Le cinéma a bénéficié d'une sollicitude renforcée : création du crédit d'impôt cinéma, abondement par le Centre national de la cinématographie des fonds régionaux de soutien à la production, amélioration du rendement de la taxation du DVD au profit du compte de soutien, défense auprès de la Commission européenne des spécificités de notre régime d'aide si nécessaire à la pérennité des industries du cinéma. Où voir alors la moindre trace de désengagement de l'Etat ? Ceux qui le dénoncent font de la politique de la pire façon. En appuyant de façon partisane leur propos sur un échafaudage de contrevérités, d'approximations et d'amalgames.

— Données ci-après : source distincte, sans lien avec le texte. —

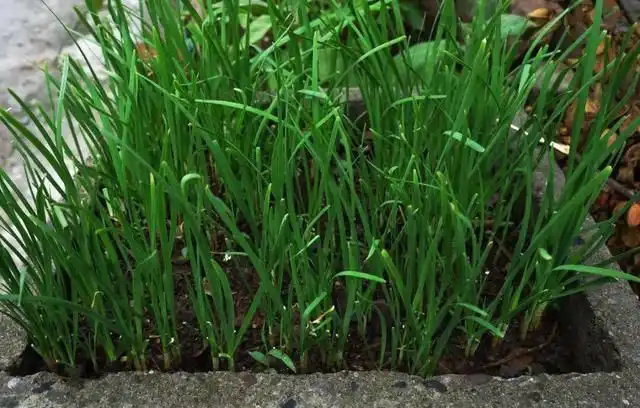 阳台韭菜种植技术与管理_阳台韭菜种植技术_阳台韭菜种植技术要点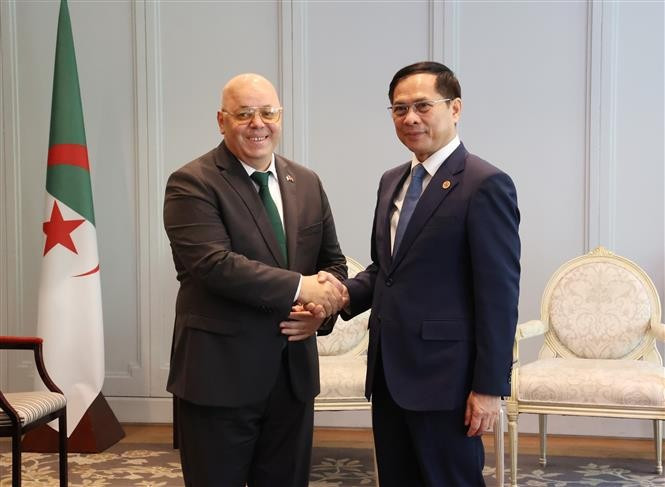 Le vice-Premier ministre et ministre des Affaires étrangères Bui Thanh Son (droite) et le ministre algérien des Moudjahidine (anciens combattants) et des Ayants droits, Laid Rebiga à Hanoï. Photo : VNA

Ce sont également ces procédés qui caractérisent tristement la pétition présentée comme un appel contre la guerre à l'intelligence. La France était donc plongée dans une guerre implacable, terrifiante, et elle l'ignorait, sans doute par bêtise ! Quelle outrecuidance cette prétention à s'arroger le monopole de la défense de l'intelligence ! Quelle vulnérabilité, encore, à l'instrumentalisation politicienne que souligne si bien l'empressement des signataires, élus socialistes, verts, communistes ! Quel manque de rigueur, s'agissant de mettre avec artifice dans le même lot enseignants, archéologues, avocats, intermittents, chercheurs, psychanalystes..., pour tenter d'accréditer la thèse d'un complot de la droite contre l'intelligence !
Je dis aux signataires, parmi lesquels je vois des personnalités pour qui j'ai de l'estime, du respect, de l'amitié : attention ! Ceux qui sont porteurs d'une exigence intellectuelle plus aiguë ne doivent pas céder à la tentation de s'ériger en caste, en ordre au sens de l'Ancien Régime, un ordre du clergé en quelque sorte, avec ses privilèges de juridiction, ses bénéfices, sa domination intellectuelle, son intimité flatteuse avec le pouvoir.
Le propre de l'intelligence, c'est la liberté qu'elle donne au jugement. Ce n'est pas la recherche d'un enclos protégé.
L'intelligence, c'est l'audace, ce n'est pas le repli. C'est la réforme, c'est le mouvement, et non le conservatisme. La pire des choses qui pourrait guetter l'intelligence de ce pays, c'est de s'enfermer dans un immobilisme et un protectionnisme qui finiraient par l'engloutir.